I explained that I had been sexually abused by a neighbor at seven. Being a bit clueless, I asked my mother about what it meant when a guy rubbed his penis on a girl. She explained sex. I got worried that I was pregnant, I was sure that I was no longer a virgin and I thought it was my fault. And I told my four year old sister never ever to go near him. I think my mother had no idea what was in my head. I had a doctor appointment a few months later and decided that I probably was not pregnant, because surely the doctor would have noticed. I felt guilty and at fault for letting it happen. I was seven. On the school bus to second grade I thought sadly that I was the only girl who was not a virgin.

I was lucky in the I could and did stop it. It was not a family member. I stood up for myself at seven.

I revisited it in college. I heard a program about how rape victims feel and how guilty and at fault they feel. And how they are often treated with suspicion, what were they doing to inflame the man?
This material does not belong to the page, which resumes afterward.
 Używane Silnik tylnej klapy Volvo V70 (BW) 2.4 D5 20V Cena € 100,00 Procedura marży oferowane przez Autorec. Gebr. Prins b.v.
I was so stunned as they described the feelings that I had at age 7 that I burned the bacon I was cooking.

“So,” I said, “If I walk naked down the street, I am fine with being arrested for indecency. But no one can rape me. That is violence and it is illegal.”
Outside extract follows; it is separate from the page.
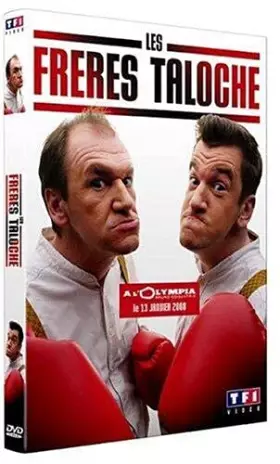 Couverture du produit · Les Frères Taloche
The medical school men continued to look at me. “See?” I said, “I am ok. I think the perception is still that women are “ruined” and destroyed by rape. The numbers of women experiencing rape or domestic violence is one in four.”

“Yes,” said one of the guys, “But I didn’t believe that.”

“Well, we have three women here.” We all looked at the other two. One nodded yes and the other shook her head no.

After the child abuse lecture, the male student came to me. “I thought of you during the lecture. What you said will make me treat women who have been abused differently. Thank you.”

So: where are the men who worked with Cosby? Was this an open secret?

If the women are telling the truth, then the men who worked with Cosby know. I am afraid that the silence means:

They didn’t want to know.
They turned a blind eye.
They tell themselves they can’t prove it.
He was the goose laying the golden egg.
Those girls deserved what they got, he was a married man.

So: Where are the REAL MEN who worked with Bill Cosby? If it is true and they stay silent, they are accomplices. Every single one of them should call their lawyer and say, “I saw evidence that supports what the women are saying. Please contact their lawyers so that I can make a statement.” Or: “I am willing to make a statement that I worked with Bill Cosby for x years and never saw anything suspicious.” Not a statement for the press. A statement that they will stand by in court: that it’s the truth, the whole truth and nothing but the truth.

And think if it had been men being preyed on. Take that as a scenario. Men would have screamed the house down and what’s more they would have been believed. And they would not be accused of leading him on or being whores or being sluts or asked what they were wearing.

Will the Real Men who worked with Bill Cosby please stand up.